What you need to do
Without including any pictures, return the records below exactly as written.

[Brief descriptive captions]
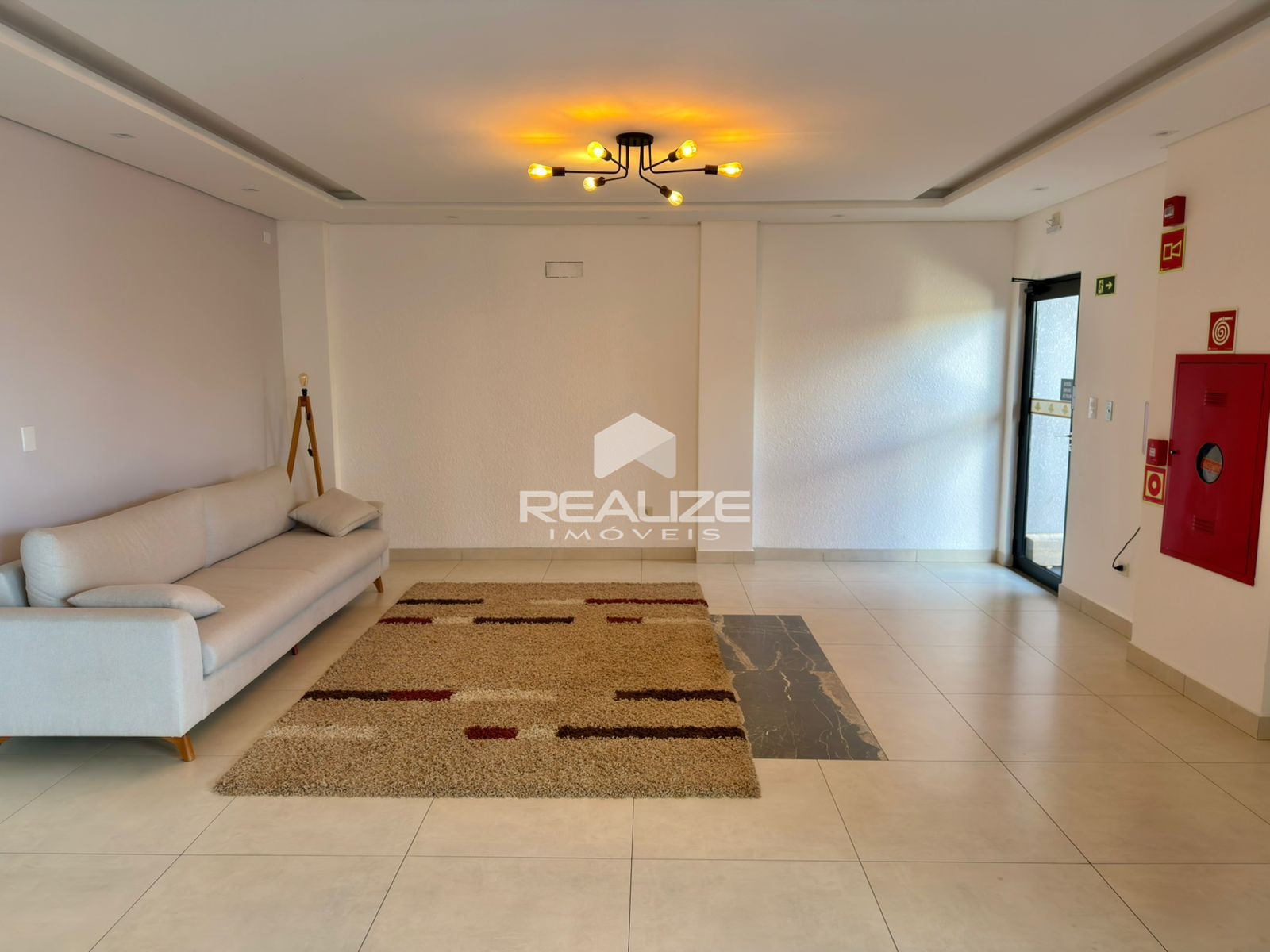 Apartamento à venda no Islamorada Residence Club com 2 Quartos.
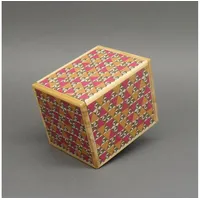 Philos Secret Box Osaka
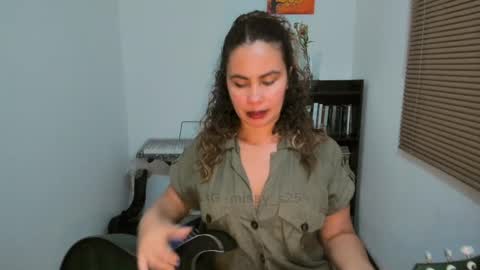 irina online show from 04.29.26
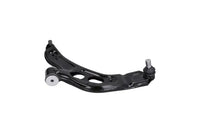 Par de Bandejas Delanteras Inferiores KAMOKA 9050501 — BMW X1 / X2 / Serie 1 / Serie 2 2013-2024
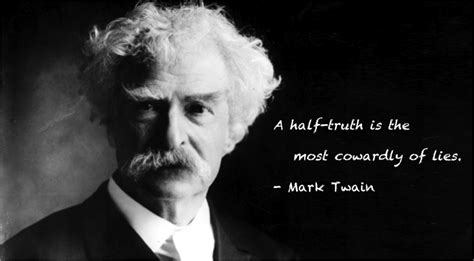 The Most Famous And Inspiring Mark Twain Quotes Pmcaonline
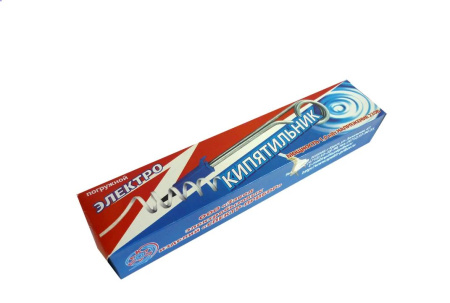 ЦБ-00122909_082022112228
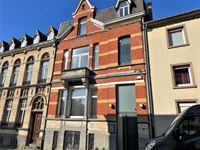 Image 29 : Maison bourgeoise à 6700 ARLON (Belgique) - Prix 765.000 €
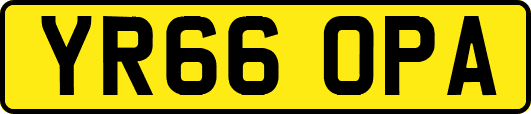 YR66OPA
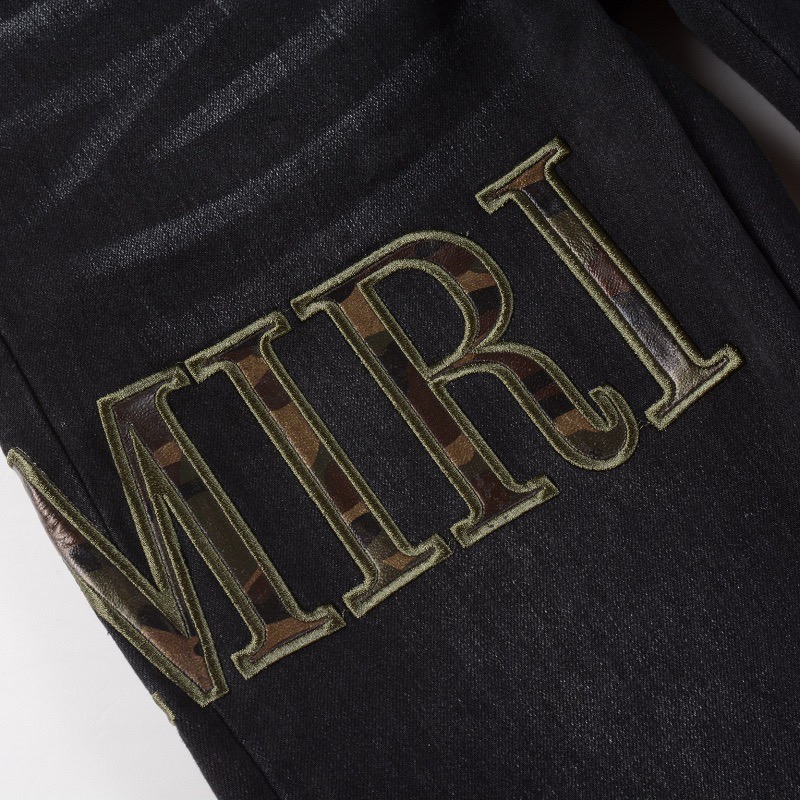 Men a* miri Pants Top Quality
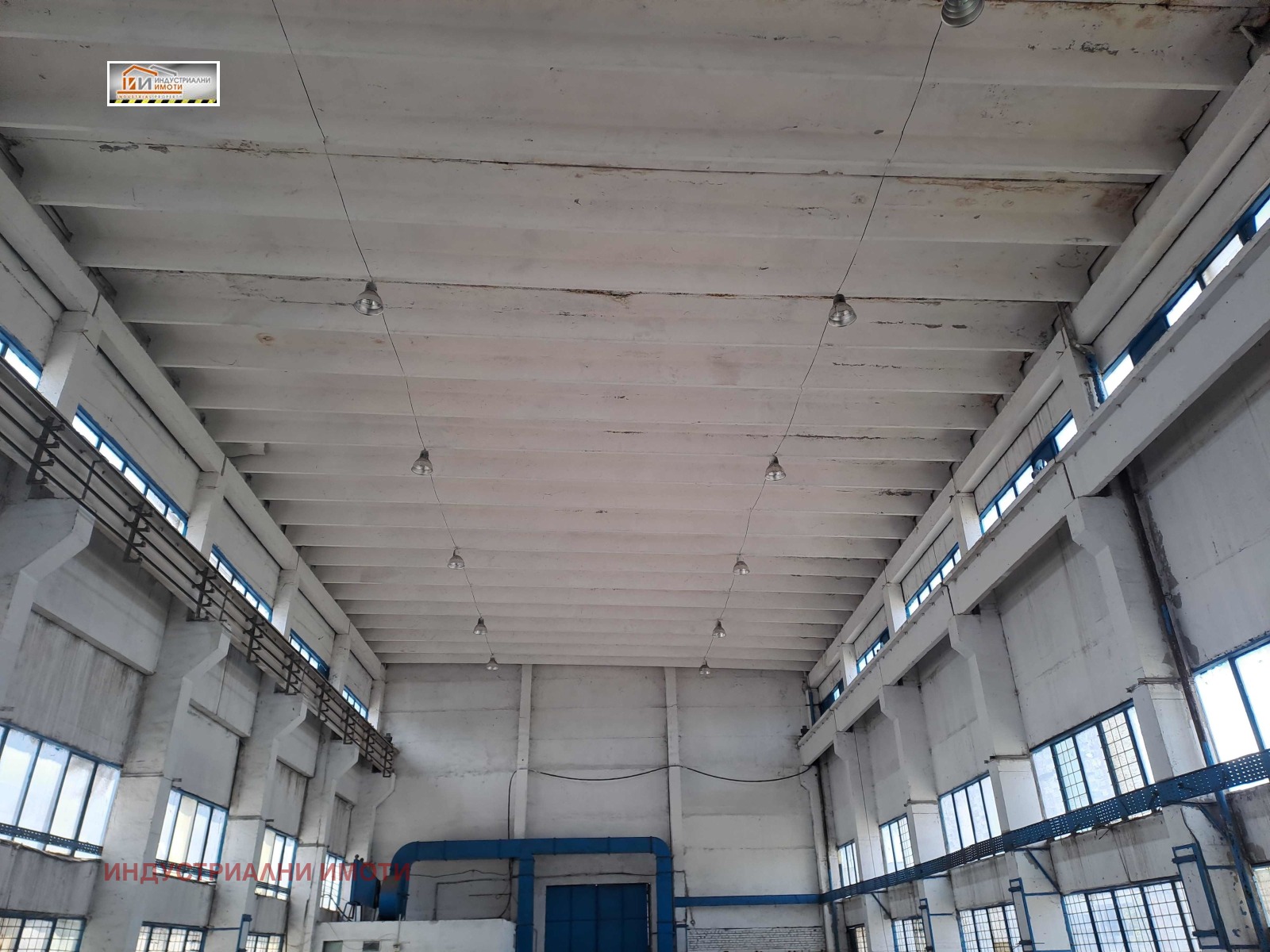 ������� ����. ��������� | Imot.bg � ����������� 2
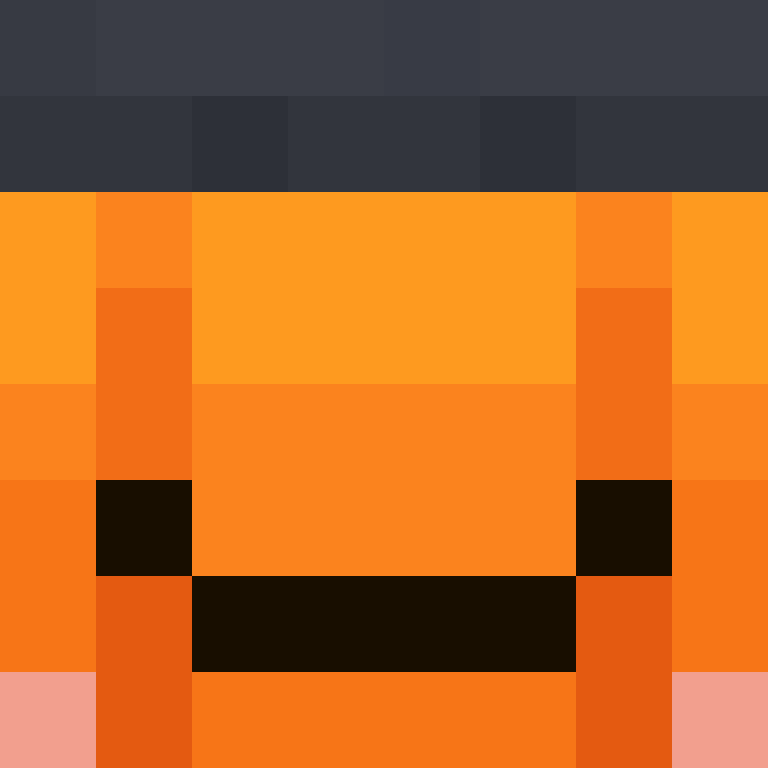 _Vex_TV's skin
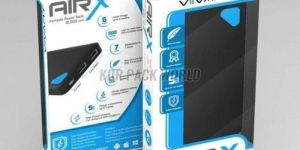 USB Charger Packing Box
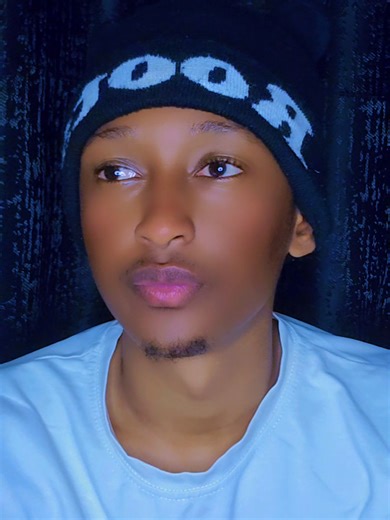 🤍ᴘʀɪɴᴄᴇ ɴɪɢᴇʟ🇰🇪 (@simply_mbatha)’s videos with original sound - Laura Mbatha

Expected answer
 Apartamento à venda no Islamorada Residence Club com 2 Quartos.
 Philos Secret Box Osaka
 irina online show from 04.29.26
 Par de Bandejas Delanteras Inferiores KAMOKA 9050501 — BMW X1 / X2 / Serie 1 / Serie 2 2013-2024
 The Most Famous And Inspiring Mark Twain Quotes Pmcaonline
 ЦБ-00122909_082022112228
 Image 29 : Maison bourgeoise à 6700 ARLON (Belgique) - Prix 765.000 €
 YR66OPA
 Men a* miri Pants Top Quality
 ������� ����. ��������� | Imot.bg � ����������� 2
 _Vex_TV's skin
 USB Charger Packing Box
 🤍ᴘʀɪɴᴄᴇ ɴɪɢᴇʟ🇰🇪 (@simply_mbatha)’s videos with original sound - Laura Mbatha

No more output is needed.